How e-waste is creating a growing environmental and health crisis across the world

We need policies like Right to Repair to address the dangerous flood of electronics waste

Anne Marie Green
Haley Clinton

By: Tess Falkner-Kenny, Zero Waste Intern

We live in a tech-hungry world. Each year, an estimated 1 billion phones and 275 million laptops are manufactured worldwide. Since most electronic manufacturers design phones and laptops for replacement instead of longevity, we are generating an alarming amount of electronic waste, or e-waste. When combined with other forms of electronic waste, like household devices and TVs, 59 million tons of used electronics — equivalent to the weight of 161 Empire State Buildings — head to the landfill each year. E-waste has become one of the fastest growing waste streams in the world, and experts expect it to continue growing by 3 to 4 percent annually. 

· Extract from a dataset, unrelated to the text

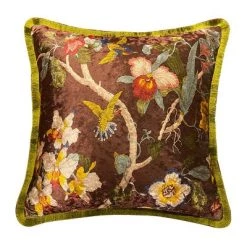 Staunton And Henry Velvet Oriental Garden Throw Cushion 28 Staunton And Henry Velvet Oriental Garden Throw Cushion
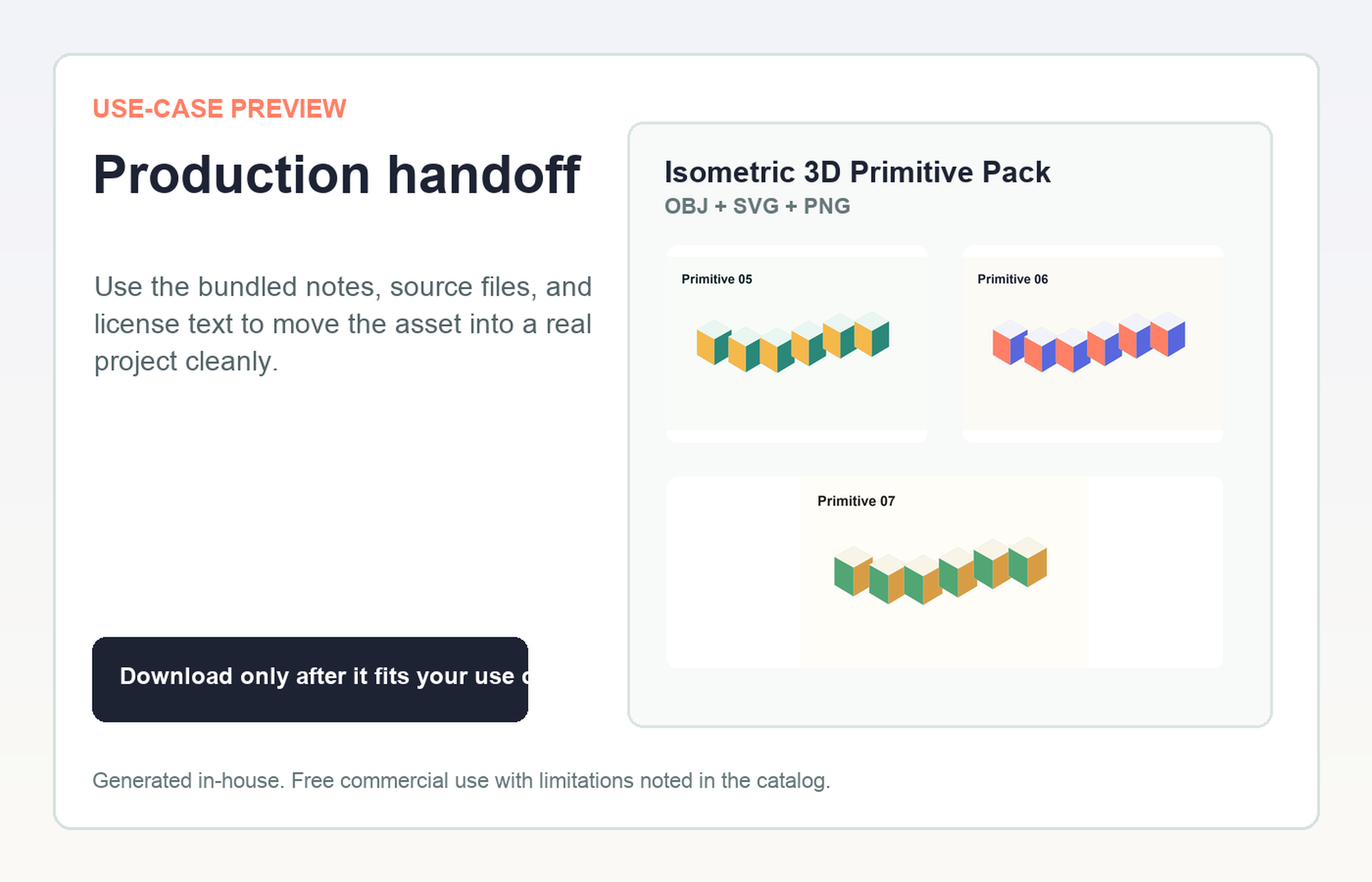 Isometric 3D Primitive Pack Production handoff use-case preview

While e-waste recycling can be helpful, it is nowhere near capable of preventing the vast majority of devices from ending up in landfills. At a webinar hosted by U.S. PIRG, Right to Repair and the Road to Zero Waste, Amanda LaGrange, CEO of electronics recycling company TechDump, agreed that we cannot recycle our way out of the e-waste catastrophe. In addition to some domestic recycling, developed nations, including the U.S., have long shipped their e-waste to developing countries both to be refurbished and recycled.

For years, the U.S. shipped large quantities of e-waste to China, where there was a large demand for scrap and resources. Processing costs were cheap, partially due to low labor costs and partially because it was inexpensive to fill shipping freights headed back to China after delivering goods in the U.S., called backhauling. When China enacted its “National Sword” policy in 2018 banning most waste imports, however, a global shift in the e-waste trade took place. 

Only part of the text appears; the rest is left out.